Вдвоем они перевернули легкое, будто пергаментное, тело.

И одна из загадок разрешилась сразу же.

– Я знаю, почему оторвали палец, – вздохнул Митя. – На нем было кольцо.

И добавил уже про себя: «Ну здравствуйте, Дарья Васильевна».

«Бессмертная» старуха Зубатова несомненно была мертва. И на лице ее застыло выражение безмерного удивления и гнева.

Глава 2,

В которой Соне поручают серьезную работу

Направляясь на утреннее чаепитие к Загорским, сыщик понимал, что ему поневоле придется первым принести плохую весть в этот уютный дом. Убитая Дарья Васильевна Зубатова была известна в широких московских кругах, от высшего дворянства до авангардной молодежи. Казалось, ее знали все, и даже Митя успел пообщаться несколько раз в прошлом году, когда деятельная старушка пыталась влезть в расследование по делу Визионера.

Участие ее было скорее символическим, но живость и сарказм Зубатовой Мите понравились. Так что смерть эту сыщик воспринял с сожалением. Загорские же знали убитую гораздо ближе.

Как же тягостно огорчать приятных людей. М-да, служба…

– Святые небеса! Дмитрий, какие ужасные новости вы принесли с утра. – Анна Петровна Загорская понизила голос, а на лбу ее образовалась полагающаяся по случаю печального известия скорбная складочка. Небольшая. Все-таки речь не о близкой родне.

Соня Загорская прикрыла стремительно наполняющиеся слезами глаза и опустила голову. Нет, никогда у нее не будет такой выдержки, как у матери. Это она умеет делать приличествующее любой ситуации лицо, а Соня… сейчас расплачется при всех. А день так хорошо начинался.

– Ох, милая. – Мама участливо похлопала ее по руке и незаметно подсунула салфетку.

В салфетку, если честно, хотелось уткнуться лицом и от всей души разрыдаться, а потом высморкаться, но Соня сдержалась и аккуратно промокнула глаза уголком. Поплакать и потом можно. Но как же все-таки жалко Зубатову!

Митя тоже был явно расстроен, но в отличие от матери протянуть Соне руку не решился. Выждав паузу, он продолжил:

– Мне очень жаль, Анна Петровна. Но Дарья Васильевна действительно покинула нас. Увы, не по своей воле.

– Но как? Что произошло?

Соня видела, что на лице матери боролись противоречивые чувства: жажда узнать кровавые подробности из первых рук и желание соблюсти приличия и не вести за столом бесед, которые могут испортить аппетит. Ох уж этот великосветский этикет. Вечное лавирование между Сциллой и Харибдой.

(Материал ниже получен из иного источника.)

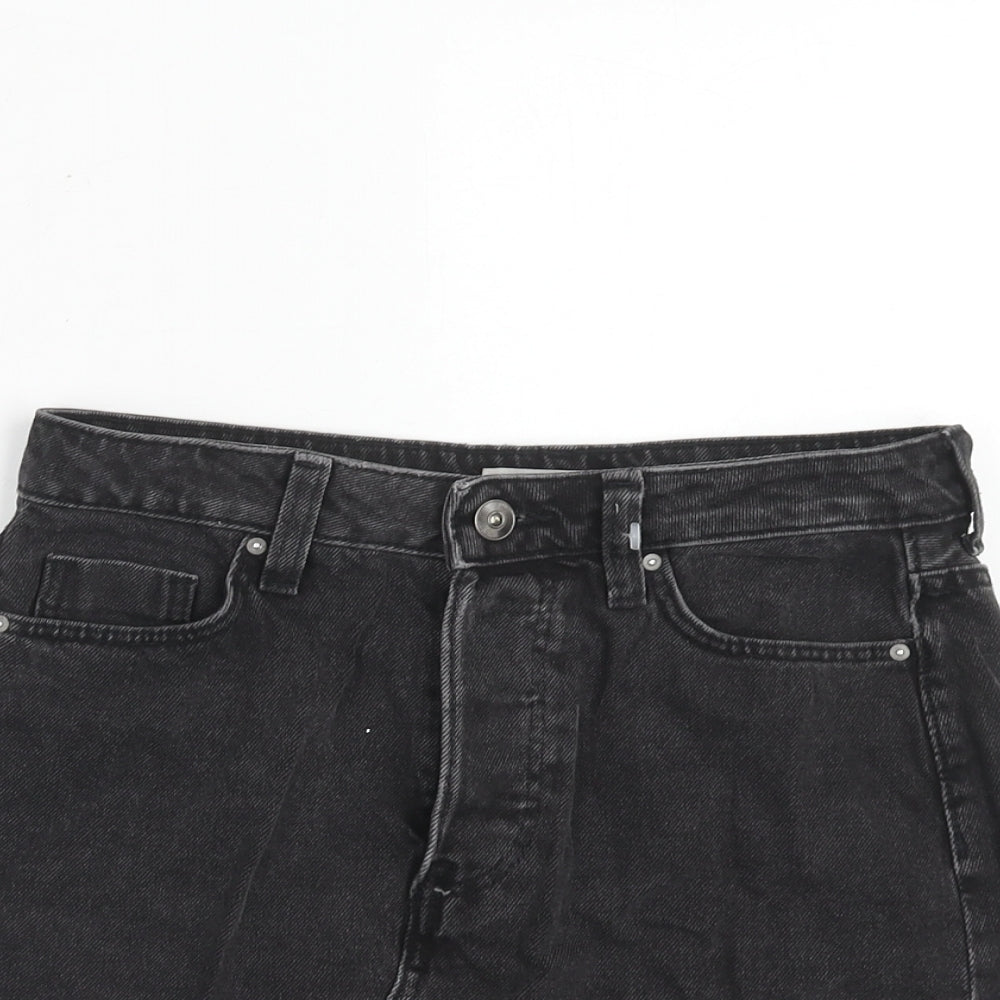 H&M Womens Black Cotton Mini Skirt Size 4 Zip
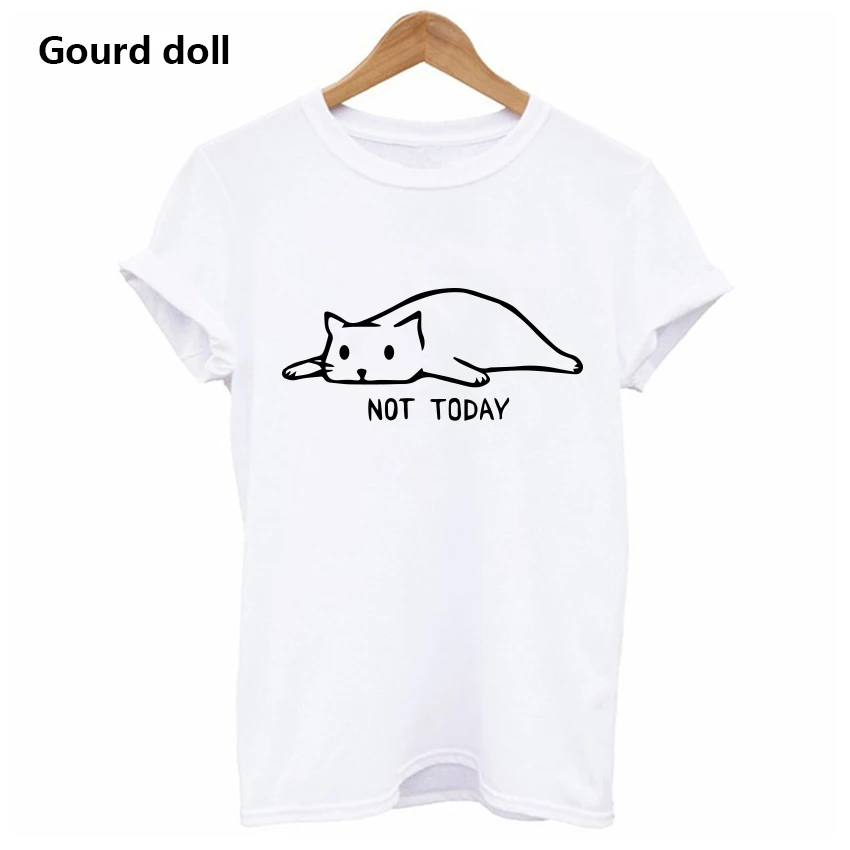 Футболка с надписью «Cat not today», Женская Повседневная забавная футболка для девушек, летняя футболка, kawaii tumblr, футболки размера плюс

«Не по своей воле», – это Митя, конечно, ловко выкрутился. Начинает понимать тонкости политеса. Зубатова лишь с виду маленькая и хрупкая, а силы воли в ней… было с избытком. Да и физической тоже. Соня вспомнила, как Дарья Васильевна рявкнула на водителя и рванула на себя дверь автомобиля, когда они вместе спасались в прошлом году из театра, где случилась массовая драка. Нет, заставить эту женщину сделать что-то не по своей воле, даже умереть, – это надо было постараться.